Believe it or not, that's what most companies said in a recent survey. Despite the rash of horror stories about how much personal Internet use is costing companies in lost productivity, those surveyed and others interviewed by Computerworld said they just aren't very concerned about it.
Instead, they're publishing flexible policies on how computer assets can and should be used during work hours. And for the most part, the policies seem to be working.
In a recent survey conducted by the Santa Clara, Calif.-based Saratoga Institute, only 4.5% of the 244 companies that responded said they were "extremely concerned" about employees surfing the Net for personal reasons. Some 15.2% said they weren't at all concerned, and about 50% said they were "somewhat or more concerned."

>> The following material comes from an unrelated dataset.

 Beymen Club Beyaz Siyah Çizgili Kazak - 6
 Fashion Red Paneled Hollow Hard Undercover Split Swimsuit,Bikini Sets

"Everyone is aware of [the issue of Web-shopping at work], but very few companies are doing anything about it," said Michael Kelly, the study's author. "The legal scouts have not sent back much useful information on the right to privacy."
The Medstat Group Inc. in Ann Arbor, Mich., is one company that has never had productivity problems among its 700 employees as a result of Internet use, said Michael J. Karaman, vice president and chief technology officer for product development.
"At the same time, we recognize and tolerate a small amount of personal use," Karaman said. "This flexibility has become more important as the workday extends beyond the workplace and into the home."
At minimum, Kelly advocates that organizations whose employees have Internet access create acceptable-use policies, and many said they have already done so.
Of the companies surveyed by the Saratoga Institute, 82.6% said they have a written Internet use policy, and 62.9% said they include it in their employee handbooks.
One such company is Las Vegas-based law firm Barker, Brown, Busby, Chrisman & Thomas PC. Jeremy Brummett, who manages the firm's IT systems, said he published an acceptable-use policy primarily because of liability concerns.
"We didn't want to find out down the road that there was reason to have [a policy] when we didn't," said Brummett. Employees must sign the policy, which says they agree not to visit objectionable Internet sites or use company e-mail assets to send objectionable or harassing information, he said.